Although you are probably savvy enough to avoid the average clickjacking scam, you might find that it is tough to draw the distinction between a real news story and a hoax when it comes to a serious tragedy. The tsunami in Japan recently unleashed a torrent of clickjacking attacks that tried to tug at heart strings. As quickly as these videos spread, though, journalists and bloggers followed with warnings.

One, however, seems to have slipped through, possibly because of its unique “content.”

Facebook users might have recently seem a link to a video that claims to show a whale smashing into the side of a building. That’s the kind of image that one would expect to see in a terrible sci-fi movie. The opportunity to see it actually happened caused many people to shut down the critical part of their brains and follow the link.

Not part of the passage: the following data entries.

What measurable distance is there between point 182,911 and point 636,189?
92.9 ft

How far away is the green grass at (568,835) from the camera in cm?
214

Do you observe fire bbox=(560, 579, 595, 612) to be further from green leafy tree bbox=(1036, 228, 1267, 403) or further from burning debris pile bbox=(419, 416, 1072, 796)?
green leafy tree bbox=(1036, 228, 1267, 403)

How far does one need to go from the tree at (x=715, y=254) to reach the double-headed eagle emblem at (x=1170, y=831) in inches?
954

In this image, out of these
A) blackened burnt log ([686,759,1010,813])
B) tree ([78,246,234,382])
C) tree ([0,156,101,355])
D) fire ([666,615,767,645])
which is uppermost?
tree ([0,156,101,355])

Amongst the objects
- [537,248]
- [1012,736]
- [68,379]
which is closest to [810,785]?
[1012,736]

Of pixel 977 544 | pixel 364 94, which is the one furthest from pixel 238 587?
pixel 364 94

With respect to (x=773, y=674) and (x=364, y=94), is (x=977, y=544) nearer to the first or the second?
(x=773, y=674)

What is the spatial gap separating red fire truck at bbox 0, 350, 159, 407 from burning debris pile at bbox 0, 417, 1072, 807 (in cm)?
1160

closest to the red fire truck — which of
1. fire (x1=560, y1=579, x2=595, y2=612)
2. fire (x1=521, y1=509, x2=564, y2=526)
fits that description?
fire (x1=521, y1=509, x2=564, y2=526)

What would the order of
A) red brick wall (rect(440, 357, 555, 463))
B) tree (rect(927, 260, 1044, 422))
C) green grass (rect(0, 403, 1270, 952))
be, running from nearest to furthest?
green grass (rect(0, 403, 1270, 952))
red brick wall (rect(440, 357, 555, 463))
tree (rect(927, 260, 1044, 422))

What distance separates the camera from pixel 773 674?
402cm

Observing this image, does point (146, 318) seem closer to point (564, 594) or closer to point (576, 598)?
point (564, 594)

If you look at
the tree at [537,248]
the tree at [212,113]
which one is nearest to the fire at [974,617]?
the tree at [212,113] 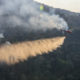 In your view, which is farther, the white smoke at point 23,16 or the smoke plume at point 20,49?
the white smoke at point 23,16

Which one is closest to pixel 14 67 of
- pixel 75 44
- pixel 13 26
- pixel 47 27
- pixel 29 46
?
pixel 29 46

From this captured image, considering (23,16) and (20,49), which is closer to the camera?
(20,49)

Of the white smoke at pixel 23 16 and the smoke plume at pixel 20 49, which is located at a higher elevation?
the smoke plume at pixel 20 49

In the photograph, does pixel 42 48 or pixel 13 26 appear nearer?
pixel 42 48

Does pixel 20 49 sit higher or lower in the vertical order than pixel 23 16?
higher

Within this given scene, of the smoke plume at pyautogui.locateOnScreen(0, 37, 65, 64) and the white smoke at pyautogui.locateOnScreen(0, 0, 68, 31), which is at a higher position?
the smoke plume at pyautogui.locateOnScreen(0, 37, 65, 64)

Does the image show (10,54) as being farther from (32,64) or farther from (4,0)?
(4,0)

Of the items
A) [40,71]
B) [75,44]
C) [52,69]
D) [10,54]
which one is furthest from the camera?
[75,44]

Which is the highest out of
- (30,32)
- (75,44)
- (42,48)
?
(42,48)
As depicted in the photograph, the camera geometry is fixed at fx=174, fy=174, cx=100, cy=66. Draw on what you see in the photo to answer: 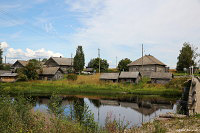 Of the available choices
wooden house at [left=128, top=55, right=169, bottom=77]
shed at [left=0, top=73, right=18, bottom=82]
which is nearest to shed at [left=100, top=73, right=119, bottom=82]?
wooden house at [left=128, top=55, right=169, bottom=77]

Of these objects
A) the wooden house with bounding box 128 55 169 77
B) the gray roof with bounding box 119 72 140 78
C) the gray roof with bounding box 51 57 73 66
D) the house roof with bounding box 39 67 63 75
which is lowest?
the gray roof with bounding box 119 72 140 78

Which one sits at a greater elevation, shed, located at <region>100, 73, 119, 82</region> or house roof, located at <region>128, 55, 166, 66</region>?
house roof, located at <region>128, 55, 166, 66</region>

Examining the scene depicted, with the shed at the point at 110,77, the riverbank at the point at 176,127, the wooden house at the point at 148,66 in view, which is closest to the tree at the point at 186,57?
the wooden house at the point at 148,66

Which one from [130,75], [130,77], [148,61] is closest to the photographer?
[130,77]

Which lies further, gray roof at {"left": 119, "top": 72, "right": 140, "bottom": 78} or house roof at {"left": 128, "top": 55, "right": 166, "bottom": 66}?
house roof at {"left": 128, "top": 55, "right": 166, "bottom": 66}

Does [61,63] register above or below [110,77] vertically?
above

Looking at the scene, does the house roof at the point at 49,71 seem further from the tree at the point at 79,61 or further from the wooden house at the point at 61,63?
the wooden house at the point at 61,63

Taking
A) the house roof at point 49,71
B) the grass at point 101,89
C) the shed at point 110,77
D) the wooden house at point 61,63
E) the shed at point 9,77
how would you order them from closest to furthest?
the grass at point 101,89
the shed at point 110,77
the house roof at point 49,71
the shed at point 9,77
the wooden house at point 61,63

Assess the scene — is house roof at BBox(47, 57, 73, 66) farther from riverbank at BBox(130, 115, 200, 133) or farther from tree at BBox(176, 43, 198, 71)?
riverbank at BBox(130, 115, 200, 133)

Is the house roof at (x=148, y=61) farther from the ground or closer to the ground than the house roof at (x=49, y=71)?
farther from the ground

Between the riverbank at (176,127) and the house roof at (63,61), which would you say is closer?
the riverbank at (176,127)

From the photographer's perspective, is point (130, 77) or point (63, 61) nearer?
point (130, 77)

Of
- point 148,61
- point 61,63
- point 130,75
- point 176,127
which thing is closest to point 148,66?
point 148,61

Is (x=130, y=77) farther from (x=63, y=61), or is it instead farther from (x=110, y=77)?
(x=63, y=61) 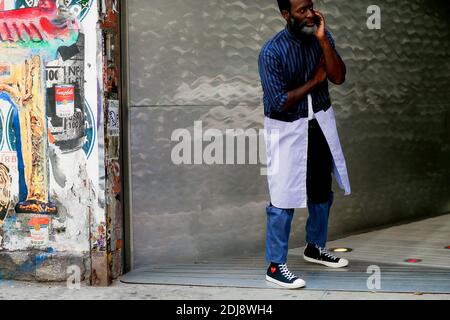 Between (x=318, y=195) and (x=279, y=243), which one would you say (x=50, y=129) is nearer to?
(x=279, y=243)

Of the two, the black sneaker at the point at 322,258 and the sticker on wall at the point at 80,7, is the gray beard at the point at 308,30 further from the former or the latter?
the black sneaker at the point at 322,258

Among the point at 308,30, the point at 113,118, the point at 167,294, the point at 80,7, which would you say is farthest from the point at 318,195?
the point at 80,7

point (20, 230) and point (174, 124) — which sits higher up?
point (174, 124)

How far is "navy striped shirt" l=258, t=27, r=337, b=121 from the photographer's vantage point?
504cm

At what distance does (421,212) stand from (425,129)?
83 cm

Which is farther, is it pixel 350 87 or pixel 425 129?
pixel 425 129

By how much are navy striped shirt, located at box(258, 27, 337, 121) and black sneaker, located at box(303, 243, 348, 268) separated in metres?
1.09

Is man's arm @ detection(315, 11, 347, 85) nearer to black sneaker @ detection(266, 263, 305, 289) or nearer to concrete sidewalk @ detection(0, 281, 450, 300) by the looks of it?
black sneaker @ detection(266, 263, 305, 289)

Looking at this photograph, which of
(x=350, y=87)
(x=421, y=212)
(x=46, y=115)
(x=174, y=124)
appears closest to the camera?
(x=46, y=115)

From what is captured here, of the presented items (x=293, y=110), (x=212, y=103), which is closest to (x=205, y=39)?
(x=212, y=103)

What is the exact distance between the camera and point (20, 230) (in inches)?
217

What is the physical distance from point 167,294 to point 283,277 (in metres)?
0.79

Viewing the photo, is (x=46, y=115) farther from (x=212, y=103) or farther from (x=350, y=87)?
(x=350, y=87)

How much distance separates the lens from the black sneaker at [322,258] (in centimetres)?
560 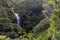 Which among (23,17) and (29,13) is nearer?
(23,17)

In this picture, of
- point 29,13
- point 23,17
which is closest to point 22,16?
point 23,17

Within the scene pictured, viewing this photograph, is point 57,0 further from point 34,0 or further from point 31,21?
point 34,0

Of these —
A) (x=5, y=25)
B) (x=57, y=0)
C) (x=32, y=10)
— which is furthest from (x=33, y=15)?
(x=57, y=0)

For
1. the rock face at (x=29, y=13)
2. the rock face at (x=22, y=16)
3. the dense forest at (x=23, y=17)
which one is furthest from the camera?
the rock face at (x=29, y=13)

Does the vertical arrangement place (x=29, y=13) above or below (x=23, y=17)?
above

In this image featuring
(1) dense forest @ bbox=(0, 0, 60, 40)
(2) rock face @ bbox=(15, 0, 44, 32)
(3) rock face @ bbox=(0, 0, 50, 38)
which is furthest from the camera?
(2) rock face @ bbox=(15, 0, 44, 32)

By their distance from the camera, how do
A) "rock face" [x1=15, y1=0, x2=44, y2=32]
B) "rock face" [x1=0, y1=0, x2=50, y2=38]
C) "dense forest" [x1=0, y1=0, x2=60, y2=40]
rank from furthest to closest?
"rock face" [x1=15, y1=0, x2=44, y2=32], "rock face" [x1=0, y1=0, x2=50, y2=38], "dense forest" [x1=0, y1=0, x2=60, y2=40]

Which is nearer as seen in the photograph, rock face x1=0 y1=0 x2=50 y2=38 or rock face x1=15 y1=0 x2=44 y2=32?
rock face x1=0 y1=0 x2=50 y2=38

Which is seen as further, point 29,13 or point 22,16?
point 29,13

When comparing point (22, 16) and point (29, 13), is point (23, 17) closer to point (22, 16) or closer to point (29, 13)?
point (22, 16)

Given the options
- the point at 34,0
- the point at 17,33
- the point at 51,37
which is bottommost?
the point at 51,37

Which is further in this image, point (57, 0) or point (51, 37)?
point (57, 0) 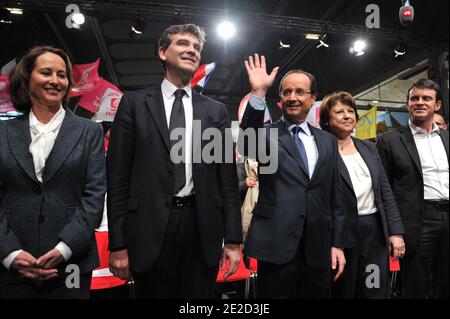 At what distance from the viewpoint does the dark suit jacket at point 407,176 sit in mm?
2633

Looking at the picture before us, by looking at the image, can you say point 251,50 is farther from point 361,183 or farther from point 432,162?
point 361,183

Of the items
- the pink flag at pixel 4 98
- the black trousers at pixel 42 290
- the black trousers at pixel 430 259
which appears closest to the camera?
the black trousers at pixel 42 290

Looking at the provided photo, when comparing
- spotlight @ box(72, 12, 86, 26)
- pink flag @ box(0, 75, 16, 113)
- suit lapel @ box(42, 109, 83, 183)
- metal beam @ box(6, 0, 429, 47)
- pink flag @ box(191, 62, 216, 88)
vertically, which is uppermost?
metal beam @ box(6, 0, 429, 47)

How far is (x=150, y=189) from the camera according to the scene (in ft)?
5.37

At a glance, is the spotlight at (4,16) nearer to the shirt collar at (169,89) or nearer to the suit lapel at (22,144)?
the suit lapel at (22,144)

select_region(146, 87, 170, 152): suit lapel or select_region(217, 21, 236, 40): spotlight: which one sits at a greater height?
select_region(217, 21, 236, 40): spotlight

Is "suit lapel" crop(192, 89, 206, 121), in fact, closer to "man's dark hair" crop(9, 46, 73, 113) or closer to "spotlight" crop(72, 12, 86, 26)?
"man's dark hair" crop(9, 46, 73, 113)

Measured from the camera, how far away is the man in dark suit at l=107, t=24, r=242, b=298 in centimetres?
161

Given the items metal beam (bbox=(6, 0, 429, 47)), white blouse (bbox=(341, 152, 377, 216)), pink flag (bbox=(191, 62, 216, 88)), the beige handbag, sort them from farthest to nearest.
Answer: metal beam (bbox=(6, 0, 429, 47))
pink flag (bbox=(191, 62, 216, 88))
the beige handbag
white blouse (bbox=(341, 152, 377, 216))

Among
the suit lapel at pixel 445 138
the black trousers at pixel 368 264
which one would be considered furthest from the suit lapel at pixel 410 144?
the black trousers at pixel 368 264

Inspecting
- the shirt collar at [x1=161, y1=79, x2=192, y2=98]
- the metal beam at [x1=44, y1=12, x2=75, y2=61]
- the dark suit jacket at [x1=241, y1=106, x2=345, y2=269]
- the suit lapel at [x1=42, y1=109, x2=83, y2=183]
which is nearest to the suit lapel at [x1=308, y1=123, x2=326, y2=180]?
the dark suit jacket at [x1=241, y1=106, x2=345, y2=269]

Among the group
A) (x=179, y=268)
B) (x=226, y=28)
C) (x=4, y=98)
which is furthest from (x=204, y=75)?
(x=179, y=268)

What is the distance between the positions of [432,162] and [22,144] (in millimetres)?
2781

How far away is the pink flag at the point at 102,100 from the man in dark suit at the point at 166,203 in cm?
408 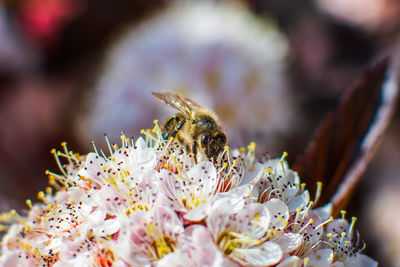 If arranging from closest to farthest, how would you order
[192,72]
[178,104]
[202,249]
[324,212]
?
[202,249]
[324,212]
[178,104]
[192,72]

Of course, they never got to see the whale.

Instead, they anyone who followed the link would have seen what looked like a video player embedded in a web page. Clicking on the “play” button, however, didn’t execute the promised video. Clicking on the button only opened an online survey.

So far, it doesn’t seem that this clickjack attack has caused any serious problems for those who fell for it. Considering that some people inevitably took the quizzes, though, the hackers in charge of this charade undoubtedly made some money.

Many clickjackers use online survey to generate income. Using one that takes advantage of an international tragedy, however, is absolutely heartless.